Training objective: \[\mathcal{L}_{\text{DAE}} = \mathbb{E}_{x \sim p_{\text{data}},\, \epsilon \sim \mathcal{N}(0,\sigma^2 I)} \big[\|f_\theta(x + \epsilon) - x\|^2\big]\]

Procedure:

Corrupt data slightly: \(\tilde{x} = x + \epsilon\)
Learn to reconstruct: \(f_\theta(\tilde{x}) \approx x\)

15.2 Connection to Score Functions

Key theoretical result (Vincent 2011):

As \(\sigma \to 0\), the optimal denoiser satisfies: \[f_\theta(x) - x \;\propto\; \nabla_x \log p(x)\]

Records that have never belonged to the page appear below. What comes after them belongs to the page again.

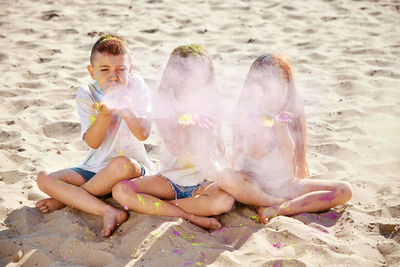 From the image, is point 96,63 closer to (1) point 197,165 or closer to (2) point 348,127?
(1) point 197,165

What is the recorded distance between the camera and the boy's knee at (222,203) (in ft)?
8.25

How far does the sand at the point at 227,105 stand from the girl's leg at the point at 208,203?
0.27ft

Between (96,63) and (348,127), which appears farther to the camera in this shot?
(348,127)

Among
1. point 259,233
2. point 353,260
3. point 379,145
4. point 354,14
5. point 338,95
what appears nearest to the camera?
point 353,260

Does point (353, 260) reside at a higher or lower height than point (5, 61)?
lower

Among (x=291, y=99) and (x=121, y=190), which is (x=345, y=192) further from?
(x=121, y=190)

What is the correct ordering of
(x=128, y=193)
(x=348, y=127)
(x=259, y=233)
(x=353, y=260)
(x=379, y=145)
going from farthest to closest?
(x=348, y=127) < (x=379, y=145) < (x=128, y=193) < (x=259, y=233) < (x=353, y=260)

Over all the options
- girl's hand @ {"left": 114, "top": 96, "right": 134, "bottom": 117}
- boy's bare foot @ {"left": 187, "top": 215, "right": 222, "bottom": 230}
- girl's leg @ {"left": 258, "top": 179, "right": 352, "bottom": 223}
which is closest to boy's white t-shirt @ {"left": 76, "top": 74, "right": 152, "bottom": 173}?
girl's hand @ {"left": 114, "top": 96, "right": 134, "bottom": 117}

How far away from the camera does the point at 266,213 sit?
8.23 ft

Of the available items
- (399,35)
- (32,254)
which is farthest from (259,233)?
(399,35)

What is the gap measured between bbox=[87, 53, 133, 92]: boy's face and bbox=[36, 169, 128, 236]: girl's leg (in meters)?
0.58

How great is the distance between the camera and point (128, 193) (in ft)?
8.20

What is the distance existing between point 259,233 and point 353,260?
0.48m

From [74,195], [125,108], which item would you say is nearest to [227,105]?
[125,108] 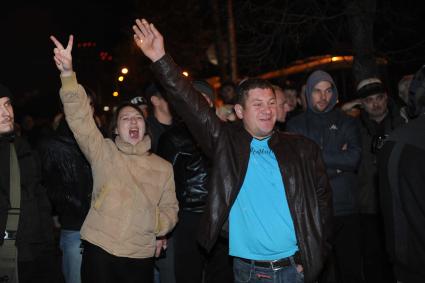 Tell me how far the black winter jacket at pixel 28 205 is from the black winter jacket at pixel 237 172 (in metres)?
1.52

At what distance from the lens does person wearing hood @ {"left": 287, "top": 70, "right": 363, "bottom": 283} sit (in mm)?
5426

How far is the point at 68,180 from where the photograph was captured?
4.93 meters

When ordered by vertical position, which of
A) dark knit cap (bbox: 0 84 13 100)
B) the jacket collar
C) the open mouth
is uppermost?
dark knit cap (bbox: 0 84 13 100)

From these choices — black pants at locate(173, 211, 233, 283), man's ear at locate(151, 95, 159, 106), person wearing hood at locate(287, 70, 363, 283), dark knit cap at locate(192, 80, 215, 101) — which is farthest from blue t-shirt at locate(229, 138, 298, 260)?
man's ear at locate(151, 95, 159, 106)

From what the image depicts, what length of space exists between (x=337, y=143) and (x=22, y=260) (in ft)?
11.7

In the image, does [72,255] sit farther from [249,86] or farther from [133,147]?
[249,86]

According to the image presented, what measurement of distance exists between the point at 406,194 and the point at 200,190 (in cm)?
297

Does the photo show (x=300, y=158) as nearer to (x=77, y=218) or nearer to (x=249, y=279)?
(x=249, y=279)

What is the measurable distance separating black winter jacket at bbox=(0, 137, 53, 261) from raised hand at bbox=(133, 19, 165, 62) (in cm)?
146

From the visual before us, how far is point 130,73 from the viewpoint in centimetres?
2508

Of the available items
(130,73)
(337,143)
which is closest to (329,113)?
(337,143)

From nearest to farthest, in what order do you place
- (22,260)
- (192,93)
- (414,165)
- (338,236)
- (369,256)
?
(414,165), (192,93), (22,260), (338,236), (369,256)

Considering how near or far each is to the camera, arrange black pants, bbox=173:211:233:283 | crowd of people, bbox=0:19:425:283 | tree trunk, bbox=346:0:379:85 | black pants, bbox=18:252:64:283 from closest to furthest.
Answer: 1. crowd of people, bbox=0:19:425:283
2. black pants, bbox=18:252:64:283
3. black pants, bbox=173:211:233:283
4. tree trunk, bbox=346:0:379:85

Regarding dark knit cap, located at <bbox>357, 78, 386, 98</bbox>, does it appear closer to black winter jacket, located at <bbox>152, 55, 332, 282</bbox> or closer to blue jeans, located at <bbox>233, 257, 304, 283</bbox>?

Key insight: DAE learns the score (gradient of log density).

Note

What is the score function?

The score function \(\nabla_x \log p(x)\) is the gradient of the log probability density with respect to the data \(x\). It tells you which direction to move in data space to increase the probability.

Points "uphill" toward regions of higher probability density
At high-probability regions (e.g., real images): score is small (already at peak)
At low-probability regions (e.g., noise): score points strongly toward real data
The data score \(\nabla_x \log p_{\text{data}}(x)\) specifically refers to the score of the true data distribution

Why it matters: Denoising is equivalent to following this gradient to remove corruption – the denoiser learns to point from noisy samples back toward the data manifold.

Simplified proof intuition:

Consider corrupted data \(\tilde{x} = x + \epsilon\) where \(\epsilon \sim \mathcal{N}(0, \sigma^2 I)\). The optimal denoiser minimizes: \[\mathbb{E}_{p(x)} \mathbb{E}_{\epsilon}[\|f_\theta(\tilde{x}) - x\|^2]\]

Taking the gradient with respect to \(f_\theta(\tilde{x})\) and setting to zero: \[f_\theta(\tilde{x}) = \mathbb{E}[x | \tilde{x}]\]

By Tweedie’s formula, for Gaussian noise: \[\mathbb{E}[x | \tilde{x}] = \tilde{x} + \sigma^2 \nabla_{\tilde{x}} \log p(\tilde{x})\]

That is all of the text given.